**DATA FOR REVIEW:**
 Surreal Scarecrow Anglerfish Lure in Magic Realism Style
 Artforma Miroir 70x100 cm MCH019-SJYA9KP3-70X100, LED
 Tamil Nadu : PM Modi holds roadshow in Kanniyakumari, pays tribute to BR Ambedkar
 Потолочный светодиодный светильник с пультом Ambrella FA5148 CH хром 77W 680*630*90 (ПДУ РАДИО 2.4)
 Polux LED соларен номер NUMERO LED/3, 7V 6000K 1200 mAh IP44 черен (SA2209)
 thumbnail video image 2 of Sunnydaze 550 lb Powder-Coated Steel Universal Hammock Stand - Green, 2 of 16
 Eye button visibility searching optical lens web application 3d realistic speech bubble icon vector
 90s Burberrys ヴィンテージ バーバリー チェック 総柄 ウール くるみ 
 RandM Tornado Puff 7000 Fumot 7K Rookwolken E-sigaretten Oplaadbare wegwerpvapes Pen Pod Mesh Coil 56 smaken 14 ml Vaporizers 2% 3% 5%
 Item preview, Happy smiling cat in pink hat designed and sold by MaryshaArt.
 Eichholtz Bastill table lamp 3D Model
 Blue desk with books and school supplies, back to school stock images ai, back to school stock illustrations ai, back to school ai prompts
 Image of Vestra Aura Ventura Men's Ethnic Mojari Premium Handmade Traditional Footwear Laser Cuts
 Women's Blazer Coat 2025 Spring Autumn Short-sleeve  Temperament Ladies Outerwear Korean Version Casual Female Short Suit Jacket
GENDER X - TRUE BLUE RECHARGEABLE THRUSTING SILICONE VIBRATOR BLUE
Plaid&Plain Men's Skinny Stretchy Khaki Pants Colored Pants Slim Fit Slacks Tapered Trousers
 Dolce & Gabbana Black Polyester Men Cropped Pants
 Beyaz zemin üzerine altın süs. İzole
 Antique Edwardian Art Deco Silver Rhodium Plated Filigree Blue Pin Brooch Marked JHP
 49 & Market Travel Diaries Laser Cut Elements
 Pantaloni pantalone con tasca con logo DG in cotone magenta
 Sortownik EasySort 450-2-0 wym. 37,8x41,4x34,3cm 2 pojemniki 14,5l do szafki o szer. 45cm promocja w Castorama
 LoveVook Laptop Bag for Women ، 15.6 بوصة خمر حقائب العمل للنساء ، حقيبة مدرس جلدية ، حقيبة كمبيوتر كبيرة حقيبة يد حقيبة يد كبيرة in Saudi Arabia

**WHAT TO DO:** Once you find the line containing "Pantaloni pantalone con", copy it and every line after it through the end of the records, exactly and nothing else.

**RESPONSE TO THIS TASK:**
 Pantaloni pantalone con tasca con logo DG in cotone magenta
 Sortownik EasySort 450-2-0 wym. 37,8x41,4x34,3cm 2 pojemniki 14,5l do szafki o szer. 45cm promocja w Castorama
 LoveVook Laptop Bag for Women ، 15.6 بوصة خمر حقائب العمل للنساء ، حقيبة مدرس جلدية ، حقيبة كمبيوتر كبيرة حقيبة يد حقيبة يد كبيرة in Saudi Arabia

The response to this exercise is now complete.